This article addresses the timely yet persistent question of how best to regulate access to telecommunications networks. Concerns that private firms may use their ownership of communications networks to their own economic advantage has led many to propose restrictions, variously referred to as network neutrality or open access proposals, on network operators.

To date, the network neutrality debate has focused almost exclusively on economic arguments for or against such regulation. Taking a step back from current debates, this paper seeks to derive from established law the accepted bases for imposing nondiscrimination rules and then to work forward to ask whether those concepts have any traction in today's debates over telecommunications regulation. Examination of traditional nondiscriminatory access rules suggests that the modern debates' exclusive reliance on economic efficiency as the sole justification for network neutrality is misplaced and that other criteria have played an important role in determining which businesses should be prevented from engaging in economic discrimination.
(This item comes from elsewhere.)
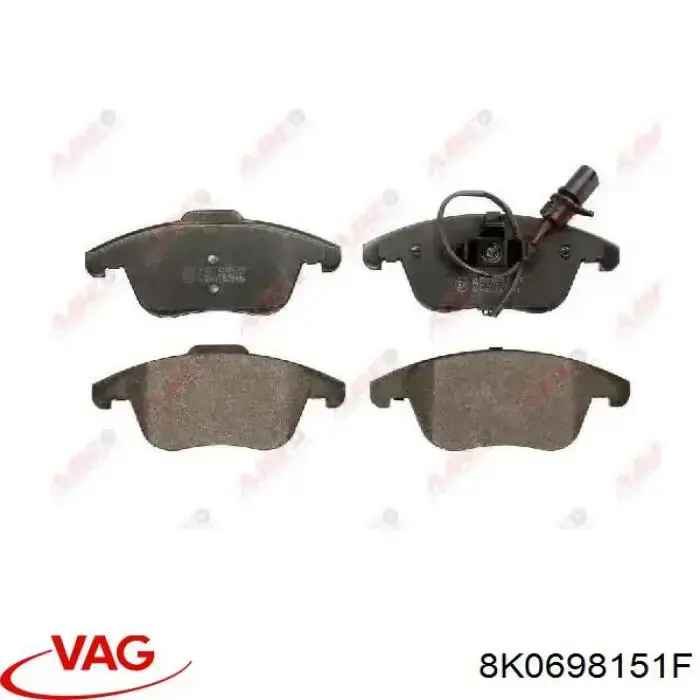 Гальмівні колодки VAG 8K0698151F ціна, від 56.93 USD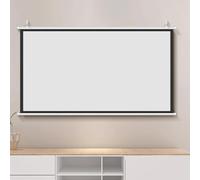 HJXGQJM Manual Pull Down Projector Screen, Movie Projection Screen HD 16: 9/4:3, Wall Mounted HD Projection Screen, For Schools Meeting Indoor Outdoor，Foldable Projector Screens Pull Down(16:9,40")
From the history and the caselaw, the paper discerns the concept of public businesses - those privately owned businesses that are affected with a public interest and therefore subjected to heightened regulation, including prohibitions against economic discrimination.

The paper then applies the public-business concept to current debates over network neutrality. The paper argues that economic justifications, in addition to providing a weak foundation for network neutrality writ large, have also led network neutrality proponents to support particularly far-reaching, and easily attacked, forms of network neutrality. In the course of the explanation, the paper introduces a new way of thinking about economic discrimination and neutrality: a distinction between use-based discrimination and user-based discrimination. The paper offers an argument in favor of a user neutrality standard and applies that standard to the open access provisions that the Federal Communications Commission is including in its upcoming auction of wireless spectrum licenses.

Thomas B. Nachbar, The Public Network, 17 Commlaw Conspectus 67–139 (2008).